On the continuity of the elements of the Ellis semigroup and other properties

TL;DR

This paper investigates conditions under which functions in the Ellis semigroup of a discrete dynamical system are continuous, especially in countable metrizable spaces, and explores the structure of the Ellis semigroup in transitive systems.

Contribution

It provides necessary and sufficient conditions for the continuity of Ellis semigroup functions and characterizes the Ellis semigroup in transitive systems where all functions are continuous or accumulation points have singleton omega-limit sets.

Findings

All functions of the Ellis semigroup are continuous if every accumulation point is fixed.

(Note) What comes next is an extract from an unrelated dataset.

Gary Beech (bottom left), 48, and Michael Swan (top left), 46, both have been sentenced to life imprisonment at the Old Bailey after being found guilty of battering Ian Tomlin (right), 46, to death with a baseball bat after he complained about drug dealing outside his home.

In transitive systems, if all Ellis functions are continuous or accumulation points have singleton omega-limit sets, then the Ellis semigroup is homeomorphic to the phase space.

Examples illustrate the theoretical results.

Abstract

We consider discrete dynamical systems whose phase spaces are compact metrizable countable spaces. In the first part of the article, we study some properties that guarantee the continuity of all functions of the corresponding Ellis semigroup. For instance, if every accumulation point of $X$ is fixed, we give a necessary and sufficient condition on a point $a\in X'$ in order that all functions of the Ellis semigroup $E(X,f)$ be continuous at the given point $a$. In the second part, we consider transitive dynamical systems. We show that if $(X,f)$ is a transitive dynamical system and either every function of $E(X,f)$ is continuous or $|\omega_f(x)|=1$ for each accumulation point $x$ of $X$, then $E(X,f)$ is homeomorphic to $X$. Several examples are given to illustrate our results.